Episode 3.19: Grey 17 Is Missing

Aha. We have arrived at GREY 17 IS MISSING, almost universally derided as the worst episode of the series. JMS actually said, in the wake of the massive backlash reaction to the episode, that he would travel to each fan’s house and personally apologize. And the thing is, the first half of the episode is actually great. We get some Minbari infighting, and Delenn might be taking over the Rangers, and then Neroon shows up for a withering rant about how—seen from a certain light—every single action Delenn has taken looks an awful lot like a coup of the government. And he’s not wrong, plus the actor snivels and sneers and it’s awesome. And the titular Grey 17 turns out to be a haunted house mystery starring Garibaldi and some kind of monster, and I was totally down for it. I actually loved this episode until it all went south, starting in the scene with an annoying clown puppet. Actually, no: it started getting bad right BEFORE that scene, in a different scene with a talking ventriloquist dummy. The annoying clown puppet is Marcus, who I am so done with I can’t even stand it. JUST SHUT UP, MARCUS.

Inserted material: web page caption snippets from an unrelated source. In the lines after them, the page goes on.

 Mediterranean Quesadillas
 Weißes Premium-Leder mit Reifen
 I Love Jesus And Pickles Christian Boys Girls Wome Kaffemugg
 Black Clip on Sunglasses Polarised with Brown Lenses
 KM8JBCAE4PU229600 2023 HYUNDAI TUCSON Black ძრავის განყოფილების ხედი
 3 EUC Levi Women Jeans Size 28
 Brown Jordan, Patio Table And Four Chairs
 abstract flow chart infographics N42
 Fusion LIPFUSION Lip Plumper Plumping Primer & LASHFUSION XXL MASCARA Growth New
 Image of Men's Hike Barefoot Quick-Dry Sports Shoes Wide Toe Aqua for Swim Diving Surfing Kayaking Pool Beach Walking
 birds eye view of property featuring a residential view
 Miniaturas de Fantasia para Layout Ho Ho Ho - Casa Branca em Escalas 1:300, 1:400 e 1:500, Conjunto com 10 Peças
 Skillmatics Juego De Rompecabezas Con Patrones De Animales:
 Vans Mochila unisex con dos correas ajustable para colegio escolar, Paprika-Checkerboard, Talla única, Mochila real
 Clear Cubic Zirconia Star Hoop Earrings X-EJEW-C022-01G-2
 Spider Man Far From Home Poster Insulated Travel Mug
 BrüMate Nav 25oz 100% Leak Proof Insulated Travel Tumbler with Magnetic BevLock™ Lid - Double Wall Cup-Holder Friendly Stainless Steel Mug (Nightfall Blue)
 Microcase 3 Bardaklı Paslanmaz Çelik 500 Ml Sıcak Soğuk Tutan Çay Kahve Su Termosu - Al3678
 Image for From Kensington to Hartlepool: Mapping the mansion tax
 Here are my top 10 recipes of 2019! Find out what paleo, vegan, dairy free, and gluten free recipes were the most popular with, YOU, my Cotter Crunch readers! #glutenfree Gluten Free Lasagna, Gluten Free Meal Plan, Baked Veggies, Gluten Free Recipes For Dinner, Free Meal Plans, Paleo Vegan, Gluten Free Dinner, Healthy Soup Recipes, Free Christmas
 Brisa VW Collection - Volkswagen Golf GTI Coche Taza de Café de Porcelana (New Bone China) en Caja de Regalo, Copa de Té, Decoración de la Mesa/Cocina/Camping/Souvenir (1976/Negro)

We also get some weird stuff about B5 trying to hire telepaths for the war effort, which seems poorly thought-out and honestly kind of racist. Or at least humano-centric. They have the entire Ranger Corp at their beck and call, and most of them are Minbari and a bunch of them are telepaths, and now that Delenn’s the boss they’re all coming right to B5 anyway, plus we’ve even seen them successfully attack a Shadow ship, so why not just use them? Why go to all the trouble of exposing your secret army and drawing the wrath of Psi-Corps and vetting and paying an all-new group of people when you already have an army of psychics trained and ready to go? The answer, of course, is that it never occurred to JMS or anyone else on the show that the psychics they used in their war could be anything other than human. Not all humans are human supremacists, but all humans benefit from human supremacy. NOTE: it has been pointed out that there are clearly aliens standing in the line, and I just didn’t see them because I was watching the joke guy. Sorry! I still think it’s weird that they have an open call for psychics, but they’re definitely using plenty of non-humans.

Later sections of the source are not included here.